He was interviewed on Lateline and the transcript should be available. I will find it myself when I have some time.
 
marc faber is a really interesting read... however he tends to have the propensity to make outlandish calls..
however he is someone's views whom i do pay attention to...

does anyone subscribe to the doom gloom and boom report or whatever it is?
 
Dr Marc Faber, a well thought of economist, believes that the share markets will go nowhere for quite a while.

He was interviewed on Lateline and the transcript should be available. I will find it myself when I have some time.
I watched Mr Faber on the ABC last night,he seems to think with the US will slow China -- also in line comes Australia,from the price of Resi Property to the price of food when he used comparative valuation statistics from several other countries, i like this statement from one of his reports in 2000,focusing on historical numbers means we're looking in the rear Vision mirror rather that through the windscreen..
http://www.abc.net.au/lateline/business/items/200807/s2310191.htm
willair..
 
Thanks for the link Willair.

Maybe it should also be posted on my Anyone still holding bank shares? thread. He certainly didn't sound hopeful about them.
 
Very interesting stuff alright.

I do agree we are in the middle of an asset devaluation in the western world and maybe worldwide. Share and listed property owners already know exactly how much their assets have dropped and the drop has been amplified by how much debt was involved. Any unlisted assets, including residential property, no one knows yet how much the drop will be and it may take a very long time.

Wonder what faber still thinks of agriculture? He was bullish.

See ya's.
 
Wonder what faber still thinks of agriculture?

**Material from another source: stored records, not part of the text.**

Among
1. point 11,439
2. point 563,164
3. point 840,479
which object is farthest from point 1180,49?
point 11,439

He was bullish.

TC

He's telling people to "buy a farm"! :D

From the front page of the Business section in today's Australian newspaper, Marc Faber told a CFA lunch in Sydney yesterday ... "not only is he convinced that food prices will go up sharply, he's sure that life in the financial services area is only going to get tougher - for a long time". (My emphasis).

That should make you one very happy farmer!